The book would be best described as a modern version of the Terran Trade Authority Hand Book.
The main content of the book will contain art work, sci-fi scences, and janes style technical drawings of space ships. But admist of all the glossy art work is a narrative that trys to explain how and why mankind learns how to fight after thousands of years of peace.

One of the main, and I hope, touching features of the writing side of the book will be the 'last letters home': letters writen by service men and women to loved ones, the last letters writen, some knowing, most not.
The way I want to do this is by giving quotes, eg, "i'm sorry for calling you a coward, brother" and it would be your job to continue and make up the rest of the letter after reading a brief guide to the future history and back ground.

Right now, i'd like to hear your thoughts on my ideas, interest, and guidance (as I really need it!) on how to take this forward, publishing, PR as I would liek this to be a collaboration, with my part in it being Producer/Art Director.

Thanks
 
Hmmmm. This one I'm going to have to give serious thought about. While it would almost certainly be difficult to pull off, if done well, it has the potential to be very, very powerful. I'd like to hear some other ideas on this, as well; if it looks like it may actually develop into a work-in-progress, I'd love to contribute; though for my part, it would have to be a letter (or letters), as with art I'm no good at all, at all....
 
I've got many ideas, currently, i'm attempting to produce a coherent description of the project along with a future history that doesn't read like an old mans stiff dream.
Anything in particular you wanna pick my brains on?
 
You say you want this to be a future history sort of thing. Are we dealing with a major series of fronts in a war? Alien civilizations, colonists/rebellions? How long has the war been going on? Do you want things that reflect actual letters of this sort from historical wars? Or entirely fictional but in the tone of such letters? These are some of the questions I have. You also mentioned giving the writers a line or so, some indication of where you wanted a particular letter to go, if I understood you correctly. Is this accurate, or did you just want to give a general sort of feel, and let them freewheel it to achieve that impression? There are a lot of different routes to take here, each with considerable possibilities, I think. And I know I haven't even anywhere near scratched the surface of what can be done with this....
 
j. d. worthington said:
You say you want this to be a future history sort of thing. Are we dealing with a major series of fronts in a war? Alien civilizations, colonists/rebellions? How long has the war been going on? ....
One war, between 2 factions of mankind, 60,000 years from now. The book would cover the duration of the war 170 years.
As I have it now, these factions wage war to attempt to secure the future growth and prosperity (territory and resources) polarised by religion, governance, culture and genetic heritage, they could be as different from each other as chimps are from gorillas.
Right now, I’m currently chewing on the idea of a underclass that has been covertly manipulating mankind for thousands of years to produce this polarisation and this war (possibly to prepare it for a human-alien war)
----
All thats background and probably wouldn't feature too heavily, there will be art work for several key events, with everything following the chronology -cold war, war, protacted war, no war but continued hostilies.

j. d. worthington said:
Do you want things that reflect actual letters of this sort from historical wars? Or entirely fictional but in the tone of such letters? ....
Yes and no, i think given the general background, you could possibly answer that question yourself. My advice in most cases is to ignore the war overview, and make it personal, the idea of the letters is to
juxtapose the sharp, technical illustrations and military facelessness; honouring difference facets of a future war in this format.



j. d. worthington said:
These are some of the questions I have. You also mentioned giving the writers a line or so, some indication of where you wanted a particular letter to go, if I understood you correctly. Is this accurate, or did you just want to give a general sort of feel, and let them freewheel it to achieve that impression? There are a lot of different routes to take here, each with considerable possibilities, I think. And I know I haven't even anywhere near scratched the surface of what can be done with this....
Initially, I thing producing the line, with the writer improvising was the plan, however, theres a timeline, it may be necessary to add a background into it to makesure everything flows. There will be some specific events, IE descrptions of pods, flight, combat and key battles that i'd probably have to write personnally.

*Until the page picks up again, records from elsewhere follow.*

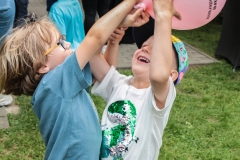 kita-gwunderwelt_10-jaehriges-jubilaeum_froehliche-jungs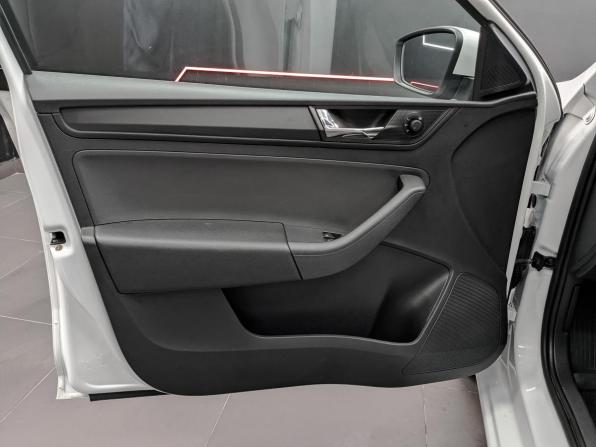 Skoda Rapid II с пробегом 2021 года, цена 1 115 000 рублей, 156517 км, лифтбек, Автокод Объявления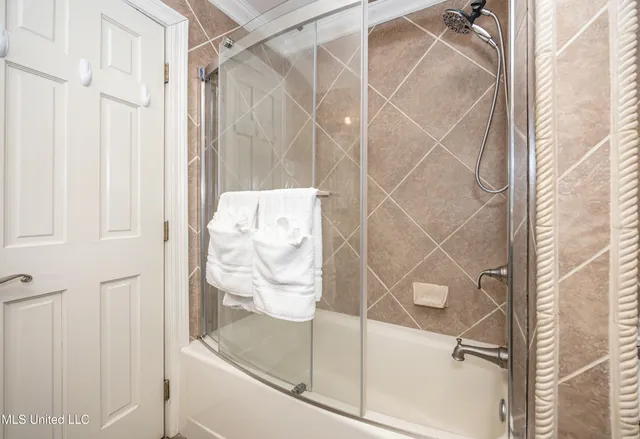 $3,500 | 2490 South Shore Drive, Biloxi, MS 39532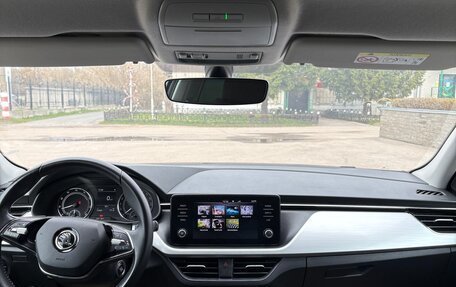 Skoda Rapid II, 2022 год, 1 900 000 рублей, 9 фотография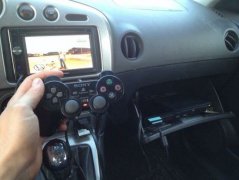 DIY达人用车载导航仪玩PS2游戏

I think I'll write these lines, with the background already stored, you'd chose it like an online raffle :D
 
A war that's been ongoing for that period is going to have some serious drawbacks, though. Any space-faring society, especially one that has established different factions, is likely to have nuclear capabilities, and if a war drags on for very long, those will be brought into play. At which time you end up, eventually, with a scorched-earth policy if no one surrenders. That's something that's going to have to be explained reasonably -- why one side or the other (or both) didn't finally simply go for a planet-crusher -- last I heard, over 50 years ago we had plans for about 5 different models of an actual doomsday weapon that had been worked out on paper ... I would imagine that's been expanded in the interim. Surely these people would, as well. War being as costly as it is in resources, lives, etc., there's going to have to be an awfully compelling reason not to resort to such measures.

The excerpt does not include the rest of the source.